Reproduce the listing below in full and exactly; no pictures belong in the copy.

◆ ◆ ◆ ◆

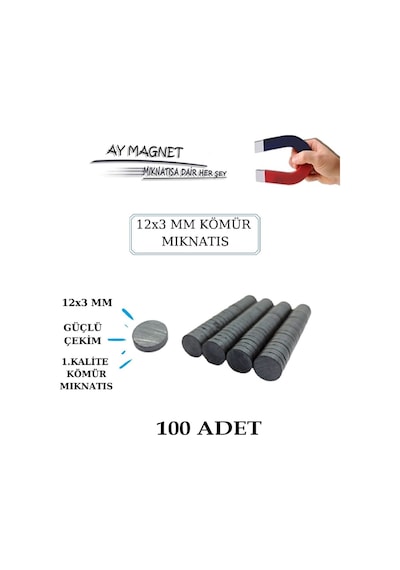 100 Adet 12mmx3mm Yuvarlak Kömür Miknatis-duvar Süsü-nikah Şekeri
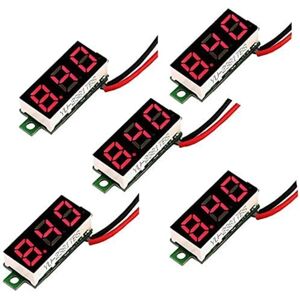 5 stk Digital DC Voltmeter 0,28 tommer To-leder 2,5V-30V Mini Digital DC Voltmeter Spænding Tester Meter, LED Digital Volt Meter (Rød)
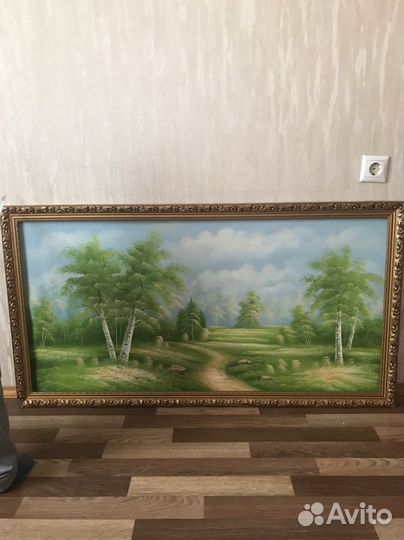 Картина горный пейзаж маслом на холсте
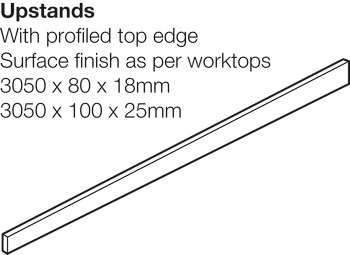 TImber Upstand Walnut 3050 x 100 x 25 mm - view 2
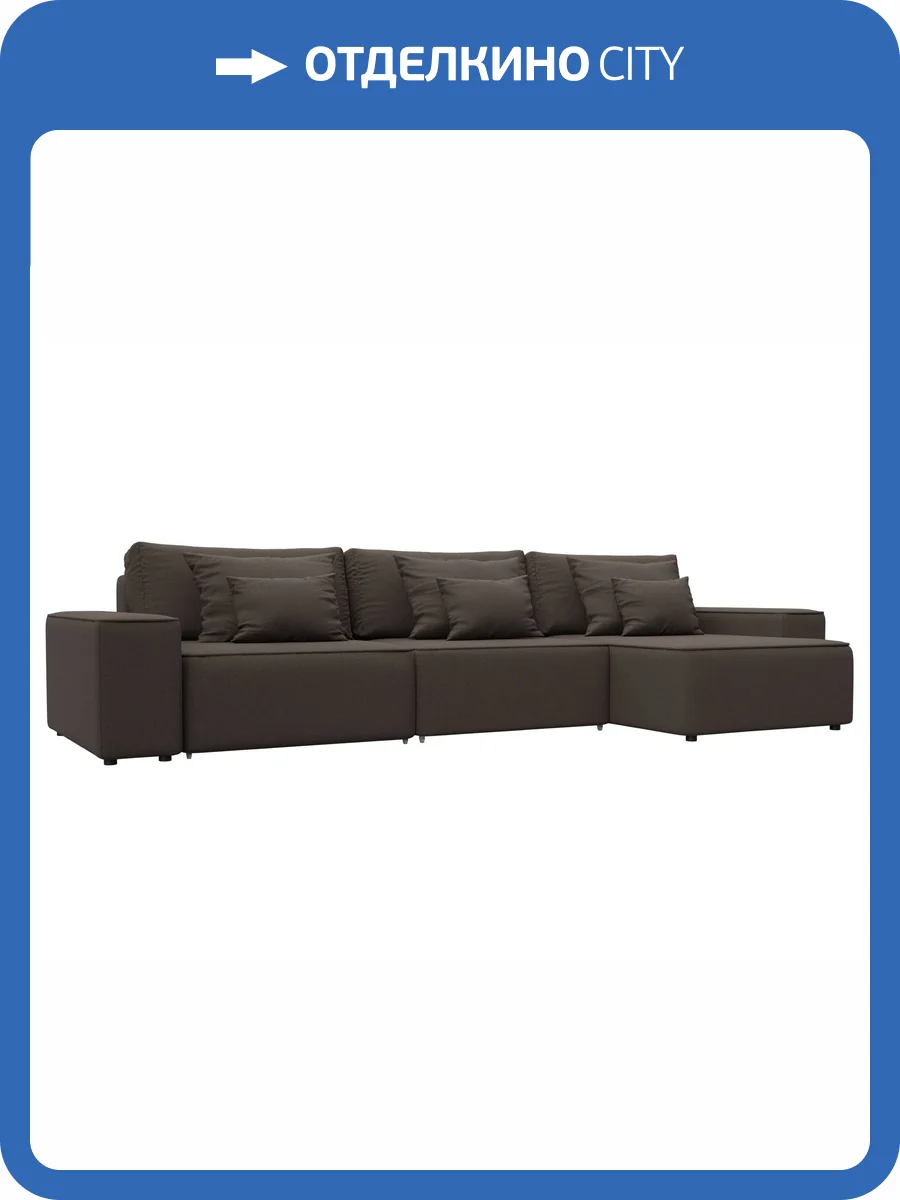 Диван угловой Лига Диванов Лига-074 129856 амур 05 коричневый, угол универсальный фото 10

◆ ◆ ◆ ◆

Result of this task:
 100 Adet 12mmx3mm Yuvarlak Kömür Miknatis-duvar Süsü-nikah Şekeri
 5 stk Digital DC Voltmeter 0,28 tommer To-leder 2,5V-30V Mini Digital DC Voltmeter Spænding Tester Meter, LED Digital Volt Meter (Rød)
 Картина горный пейзаж маслом на холсте
 TImber Upstand Walnut 3050 x 100 x 25 mm - view 2
 Диван угловой Лига Диванов Лига-074 129856 амур 05 коричневый, угол универсальный фото 10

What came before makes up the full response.